High-level interface for reading content from files within ZIP archives, providing both text and binary reading capabilities.

class ZipContentReader:
    """
    High-level interface for reading content from ZIP archive files.
    Provides text and binary reading modes with encoding support.
    """
    
    def __init__(
        self, 
        decompressed_stream: DecompressedStream, 
        encoding: Optional[str] = None, 
        buffer_size: int = BUFFER_SIZE_DEFAULT
    ):
        """
        Initialize ZIP content reader.
        
        Args:
            decompressed_stream: DecompressedStream for the file
            encoding: Text encoding for string operations (None for binary mode)
            buffer_size: Buffer size for reading operations
        """
    
    def __iter__(self):
        """
        Iterator interface for reading lines from the file.
        
        Yields:
            Lines from the file (str if encoding specified, bytes otherwise)
        """
    
    def __next__(self) -> Union[str, bytes]:
        """
        Get next line from the file.
        
        Returns:
            Next line from file
            
        Raises:
            StopIteration: When end of file is reached
        """
    
    def __enter__(self) -> "ZipContentReader":
        """Context manager entry."""
    
    def __exit__(self, exc_type, exc_value, traceback) -> None:
        """Context manager exit."""
    
    def readline(self, limit: int = -1) -> Union[str, bytes]:
        """
        Read a single line from the file.
        
        Args:
            limit: Maximum number of characters/bytes to read
            
        Returns:
            Single line from file
        """
    
    def read(self, size: int = -1) -> Union[str, bytes]:
        """
        Read data from the file.
        
        Args:
            size: Number of characters/bytes to read (-1 for all)
            
        Returns:
            File content as string or bytes
        """
    
    def seek(self, offset: int, whence: int = io.SEEK_SET) -> int:
        """
        Seek to position in the file.
        
        Args:
            offset: Position to seek to
            whence: Seek mode
            
        Returns:
            New position in file
        """
    
    def close(self):
        """Close the content reader and release resources."""
    
    def tell(self) -> int:
        """
        Get current position in the file.
        
        Returns:
            Current position
        """
    
    @property
    def closed(self) -> bool:
        """
        Check if reader is closed.
        
        Returns:
            True if reader is closed
        """

Usage Examples

Basic ZIP File Processing

from source_s3.v4 import SourceS3StreamReader, Config
from source_s3.v4.zip_reader import ZipFileHandler, ZipContentReader, DecompressedStream

# Configure S3 connection
config = Config(
    bucket="my-data-bucket",
    aws_access_key_id="your-access-key",
    aws_secret_access_key="your-secret-key",
    region_name="us-east-1"
)

# Create stream reader and get S3 client
reader = SourceS3StreamReader()
reader.config = config
s3_client = reader.s3_client

# Initialize ZIP handler
zip_handler = ZipFileHandler(s3_client, config)

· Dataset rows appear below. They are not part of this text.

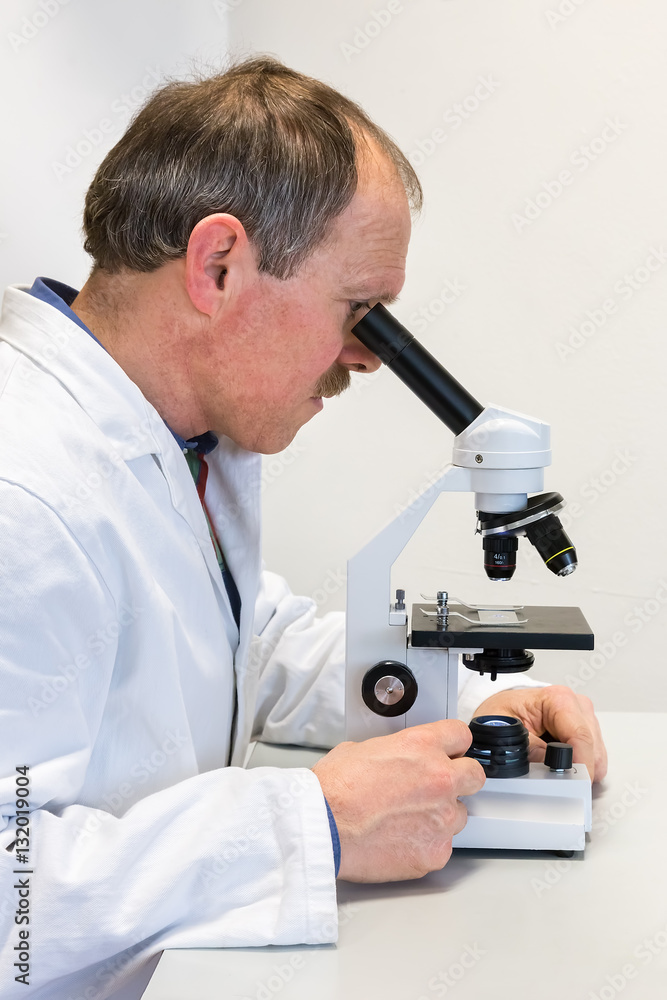 Biologist in lab coat looking through microscope Biologist in lab coat looking through microscope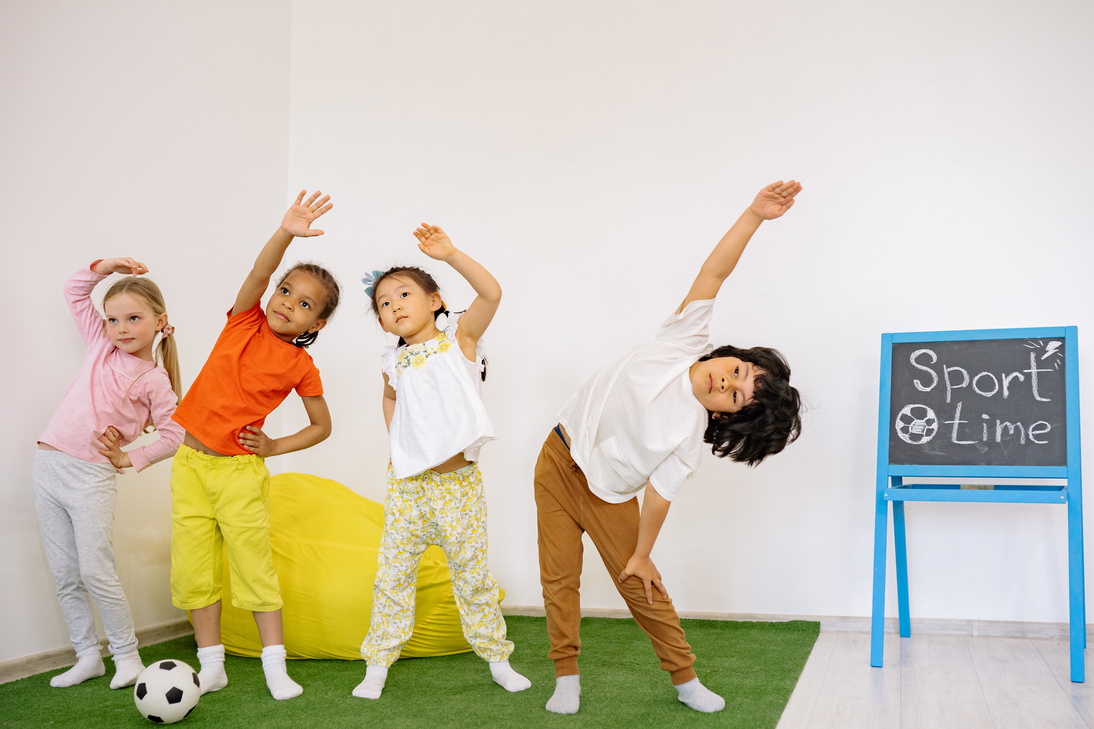 Active Kids Doing Bending Exercise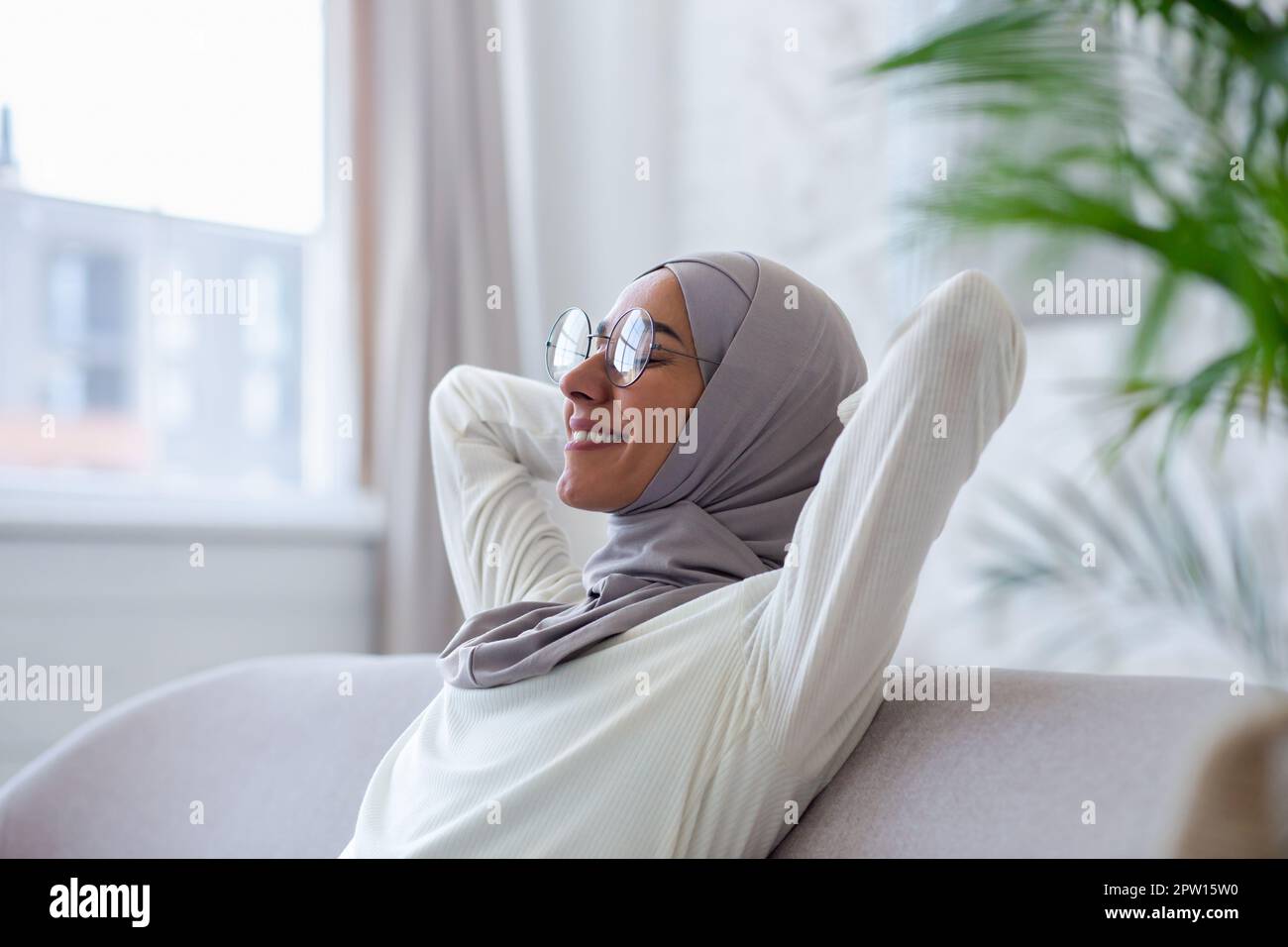 Close-up photo. Smiling Muslim young woman in hijab and glasses sitting ...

# Discover files in ZIP archive
zip_files, central_dir_offset = zip_handler.get_zip_files("data/archive.zip")

print(f"Found {len(zip_files)} files in archive:")
for zip_info in zip_files:
    print(f"  - {zip_info.filename} ({zip_info.file_size} bytes)")

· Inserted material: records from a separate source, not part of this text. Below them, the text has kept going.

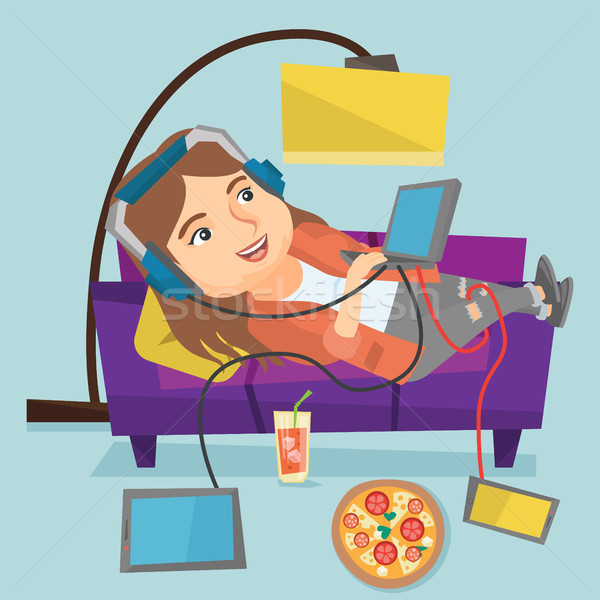 Caucasian fat woman lying on sofa with gadgets. Stock photo © RAStudio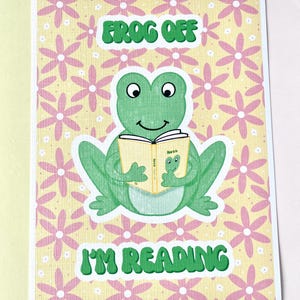 Op de afbeelding: Een wenskaart met een groene kikker die een boek leest, met de tekst "Frog Off I'm Reading". De kikker staat tegen een gele achtergrond met roze bloemmotieven. De kaart heeft een witte rand.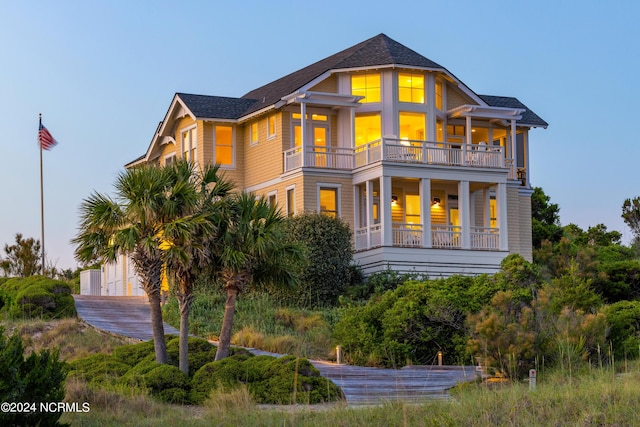 rear view of house with a balcony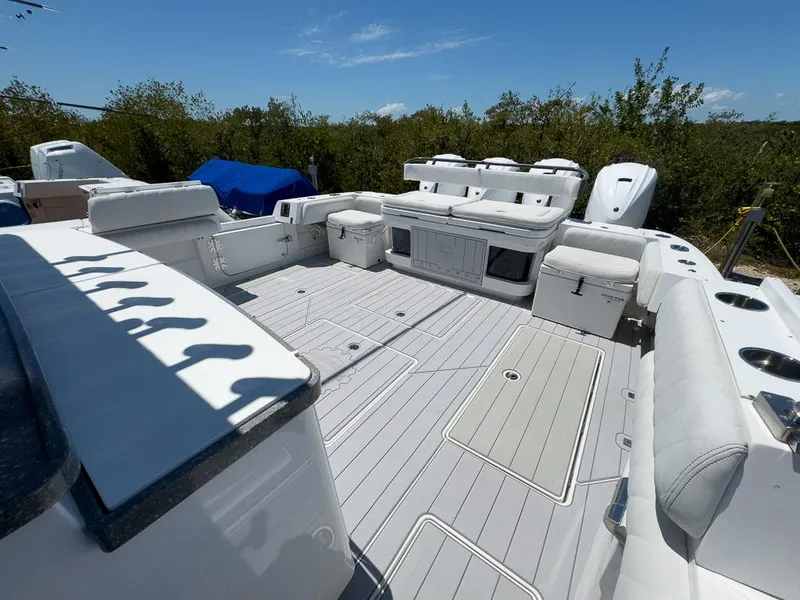 Slide: The Image of 2019 HCB 53 Sueños boat deck with seating, storage, and engines, under clear blue sky. - 12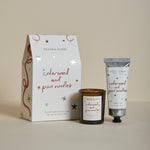 Plum & Ashby Cedarwood & Pine Needles Christmas gift set containing a scented votive candle and matching nourishing hand cream in a presentation box.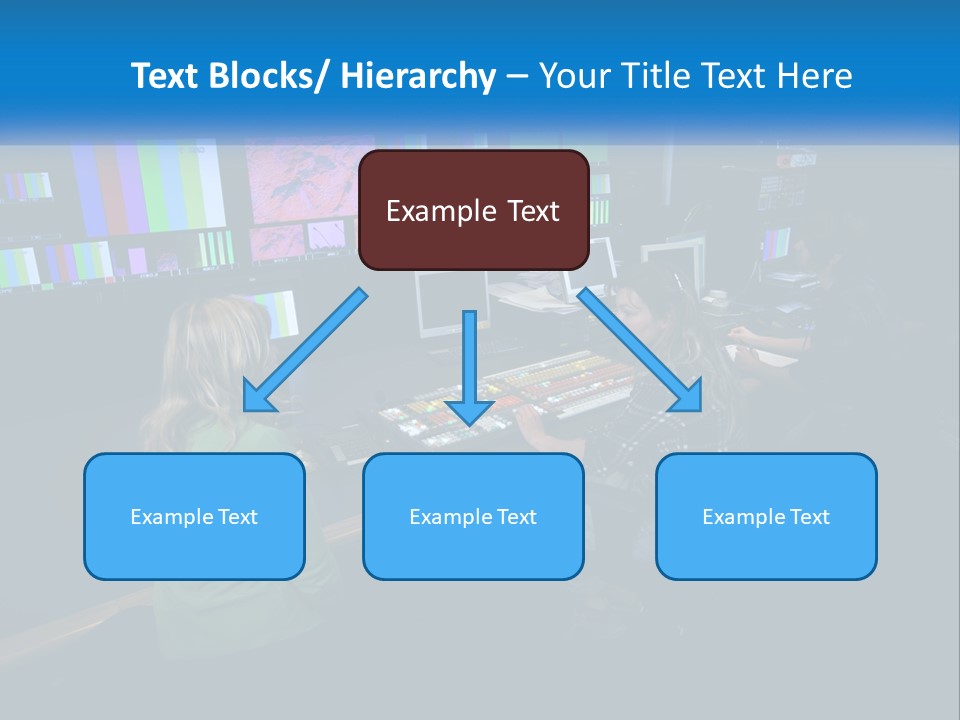 A Group Of People Sitting At A Desk With Computers PowerPoint Template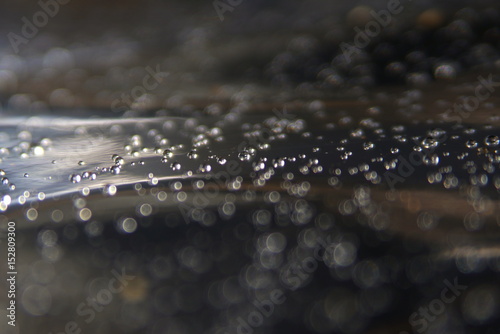 water drops on foil, black and brown background, focus, blurry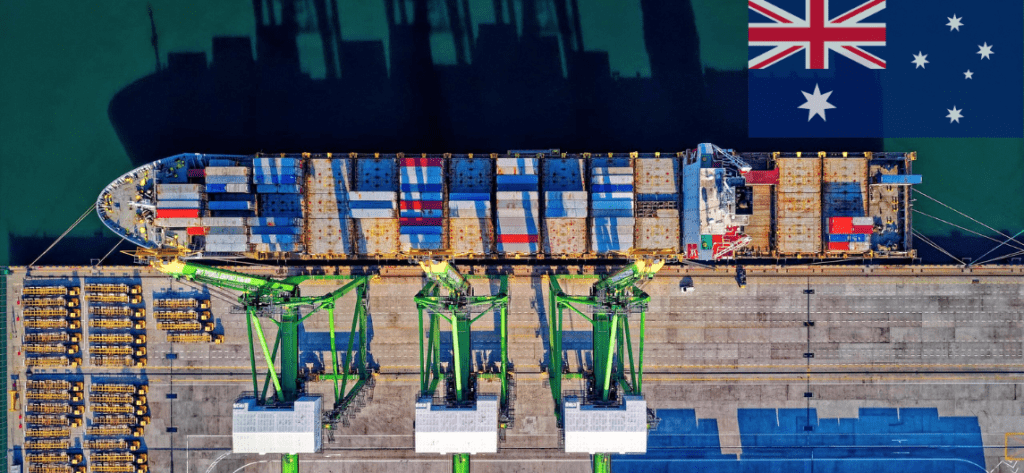 cargo ship in the port, australian flag in top right corner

Reading Individual Files from ZIP

import io
from source_s3.v4.zip_reader import RemoteFileInsideArchive, DecompressedStream, ZipContentReader

# Select a specific file from the ZIP
target_file = zip_files[0]  # First file in archive

# Create RemoteFileInsideArchive object
archive_file = RemoteFileInsideArchive(
    uri=f"s3://my-data-bucket/data/archive.zip/{target_file.filename}",
    start_offset=target_file.header_offset,
    compressed_size=target_file.compress_size,
    uncompressed_size=target_file.file_size,
    compression_method=target_file.compress_type,
    last_modified=None
)

# Open S3 object
s3_response = s3_client.get_object(Bucket="my-data-bucket", Key="data/archive.zip")
s3_stream = s3_response['Body']

# Create decompressed stream
decompressed = DecompressedStream(s3_stream, archive_file)

# Read content with encoding (for text files)
with ZipContentReader(decompressed, encoding="utf-8") as reader:
    content = reader.read()
    print(f"File content ({len(content)} characters):")
    print(content[:500])  # First 500 characters

Processing CSV Files from ZIP

import csv
from io import StringIO

# Assuming we have a CSV file in the ZIP
csv_file = next(f for f in zip_files if f.filename.endswith('.csv'))

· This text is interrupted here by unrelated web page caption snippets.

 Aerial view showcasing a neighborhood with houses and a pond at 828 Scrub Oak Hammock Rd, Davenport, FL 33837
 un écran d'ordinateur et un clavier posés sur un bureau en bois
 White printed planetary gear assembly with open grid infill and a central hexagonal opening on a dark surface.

# Create archive file representation
csv_archive_file = RemoteFileInsideArchive(
    uri=f"s3://my-data-bucket/data/archive.zip/{csv_file.filename}",
    start_offset=csv_file.header_offset,
    compressed_size=csv_file.compress_size,
    uncompressed_size=csv_file.file_size,
    compression_method=csv_file.compress_type,
    last_modified=None
)

# Process CSV data
s3_response = s3_client.get_object(Bucket="my-data-bucket", Key="data/archive.zip")
decompressed = DecompressedStream(s3_response['Body'], csv_archive_file)

with ZipContentReader(decompressed, encoding="utf-8") as reader:
    csv_content = reader.read()
    csv_reader = csv.DictReader(StringIO(csv_content))
    
    for row_num, row in enumerate(csv_reader):
        print(f"Row {row_num}: {row}")
        if row_num >= 5:  # Show first 5 rows
            break

Streaming Large Files from ZIP

# For large files, use streaming approach
large_file = max(zip_files, key=lambda f: f.file_size)

large_archive_file = RemoteFileInsideArchive(
    uri=f"s3://my-data-bucket/data/archive.zip/{large_file.filename}",
    start_offset=large_file.header_offset,
    compressed_size=large_file.compress_size,
    uncompressed_size=large_file.file_size,
    compression_method=large_file.compress_type,
    last_modified=None
)

# Stream content in chunks
s3_response = s3_client.get_object(Bucket="my-data-bucket", Key="data/archive.zip")
decompressed = DecompressedStream(s3_response['Body'], large_archive_file, buffer_size=64*1024)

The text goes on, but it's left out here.